Given records:

§ §

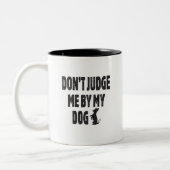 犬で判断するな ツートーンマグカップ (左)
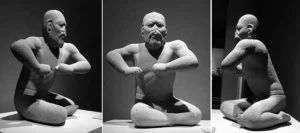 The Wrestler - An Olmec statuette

§ §

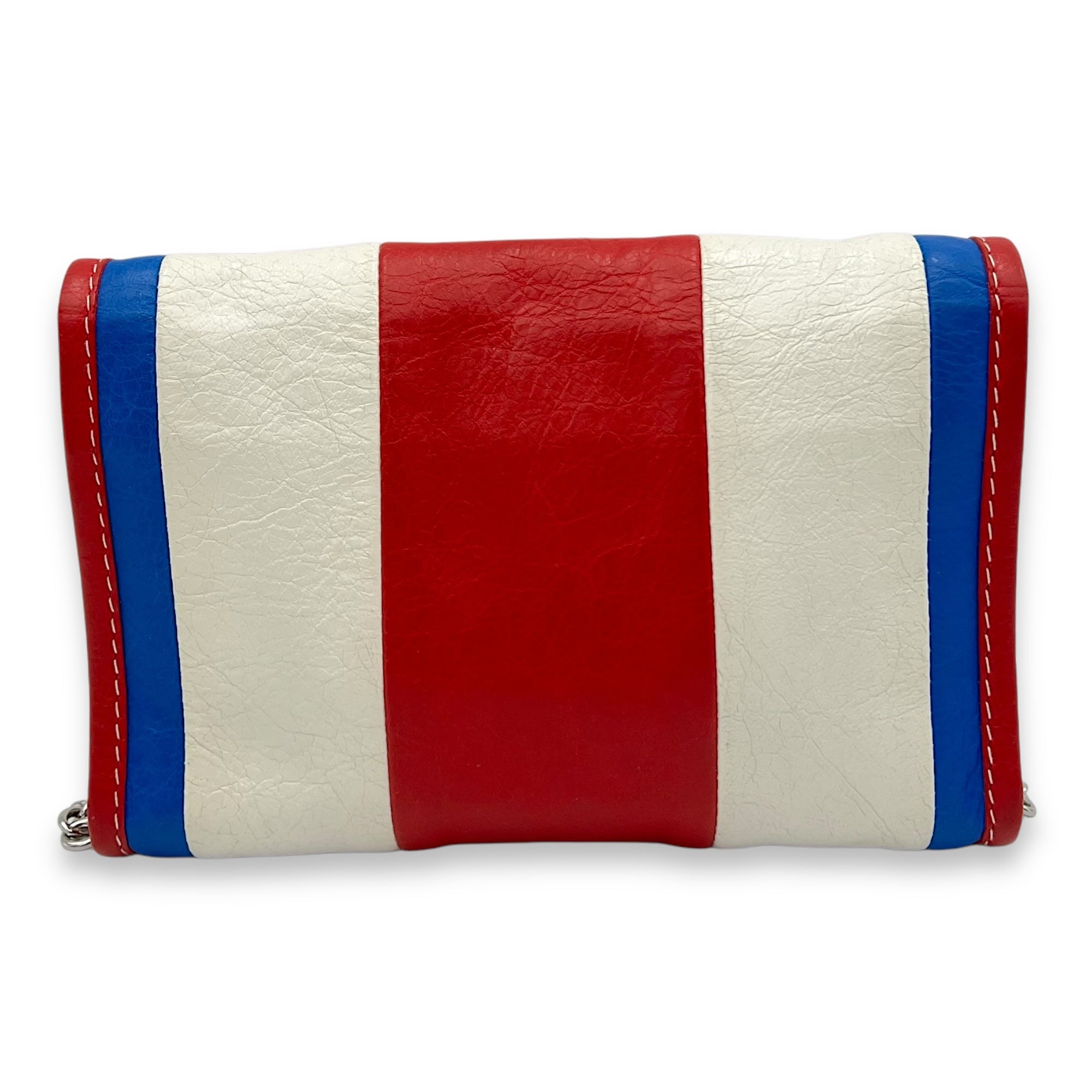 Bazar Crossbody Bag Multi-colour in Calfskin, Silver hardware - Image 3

§ §

Task to complete: Your copy should hold the lines from the one with "犬で判断するな ツートーンマグカップ (左)" up to and including the one with "The Wrestler - An Olmec statuette", exactly as in the data above, and no pictures.

Your response:
 犬で判断するな ツートーンマグカップ (左)
 The Wrestler - An Olmec statuette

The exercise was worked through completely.